Invented in 1986 by Binning et Al., the Atomic Force Microscope has undergone much development. The first AFMs operated in contact mode. (See Binning et al., Physics Review Letters 1986, and Rugar and Hansma, Physics Today 1990). In contact mode, the tip, mounted onto the end of a flexible cantilever, raster scans the surface of the sample. The deflection of the cantilever due to tip-surface interaction reveals the sample surface. Samples can be analyzed in air, liquids or vacuum. In liquids and vacuum, the absence of strong capillary forces due to a thin liquid film on all samples in air can result in higher resolutions. Biological samples are difficult to scan using contact mode because they are often soft and weakly bound to the surface and therefore can be damanged easily.

Non-contact mode was first introduced in 1987. (See Martin et al., 1987). Developed in an effort to more accurately image soft biological samples, in non-contact mode the cantilever oscillates close to its resonant frequency at a small distance (1-10 nm) above the surface. Long-range attractive forces induce changes in the amplitude, frequency and phase of the cantilever and maintain a constant distance during scanning. Because the forces on the sample are much lower than in contact mode, even the softest samples can be imaged without damage. Imaging in attractive mode is also possible.

The Optical AFM Version 4 was also developed in 1989. This fourth prototype of the AFM generated interest in the commercial development and implementation of AFMs.

Microfabricated tips were developed in 1991. (Prater et al., 1991)

In 1993, Tapping Mode® was first introduced. (See Zhong et al., 1993) In this mode, the cantilever oscillates at its resonant frequency, but unlike non-contact mode, the cantilever gently taps the surface during scanning, greatly reducing damaging lateral forces.

Tapping mode in fluids was first introduced in 1994 by the Hansma Lab. (See Hansma et al., 1994) In the first implementation of tapping mode in fluids, the sample, which sits on a piezoelectroc scanner, oscillates up and down and taps the tip at the apex of each oscillation cycle.
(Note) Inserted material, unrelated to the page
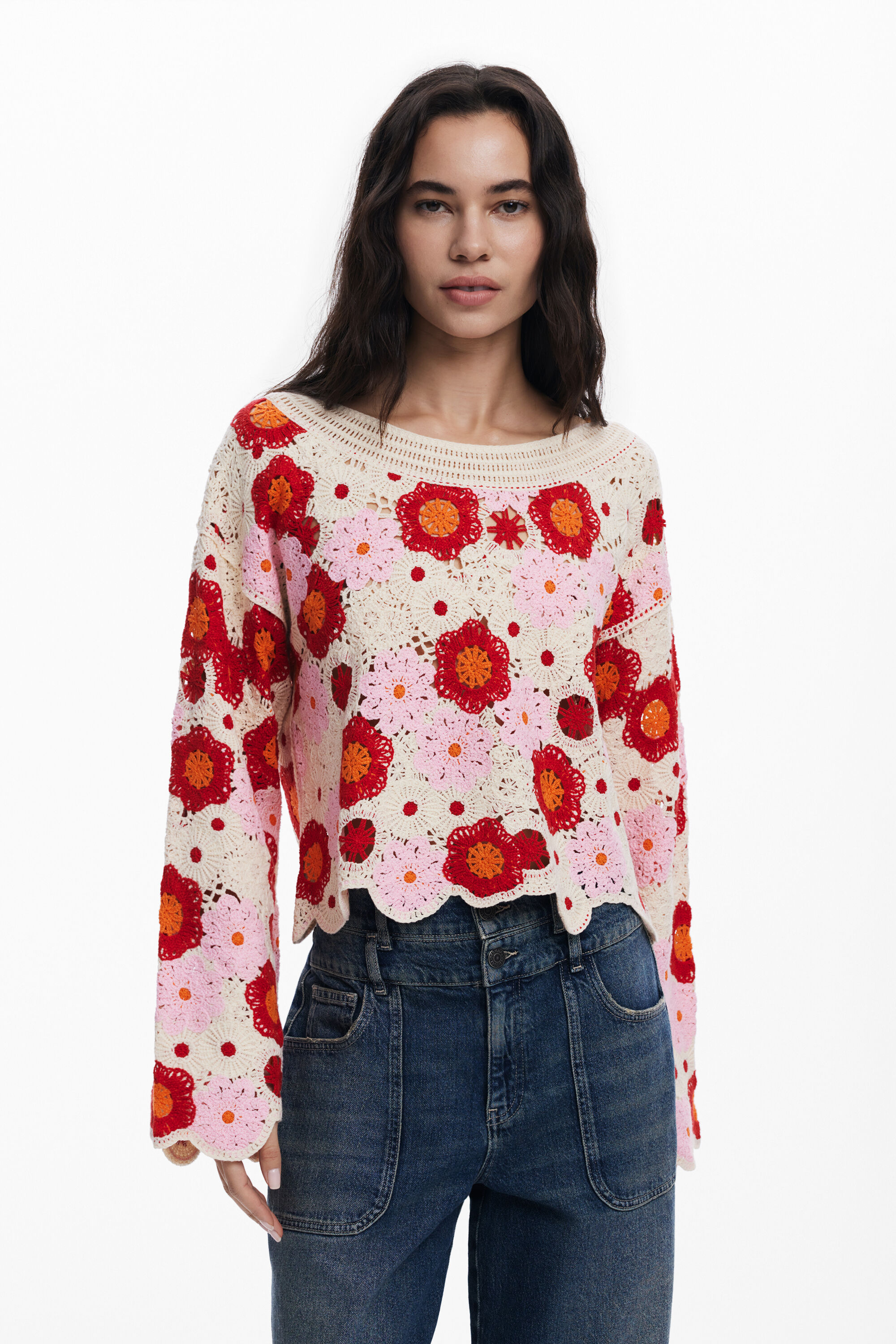 Multicolor crochet top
The amplitude of the piezoelectric is set manually at the beginning of the run, and the tapping force is held constant by a feedback loop.

Smaller cantilevers were developed in 1996, allowing higher resolution and smaller scanning times. The Hansma group began developing a new generation of AFMs that would utilize these smaller, lighter cantilevers. For biological samples, desirable cantilevers have a higher resonant frequency (and therefore a higher scanning speed) and a low spring constant. This is most easily achieved by decreasing the mass of a cantilever. Recently cantilevers have been fabricated on the order of 9-40mm in length with resonant frequencies an order of magnitude higher than commercially available cantilevers. (See Schaeffer et al., 1997b)

The next prototype was a small cantilever AFM Version 5. The major differences between this AFM and previous AFMs lie in the optics design of the microscope. This prototype has a much smaller laser spot allowing for smaller cantilevers to be used. It also includes an integrated illumination source, essentially combining an optical microscope and an atomic force microscope in the same piece of equipment.

Improvements in instrumentation and understanding of the Atomic Force Microscope has led to its wide use in many fields in engineering, materials science and biology. Our laboratory is committed to further improve the instrumentation behind Atomic Force Microscopy and apply its capabilities into new, exciting areas, in particular, in biomineralization and in the life sciences.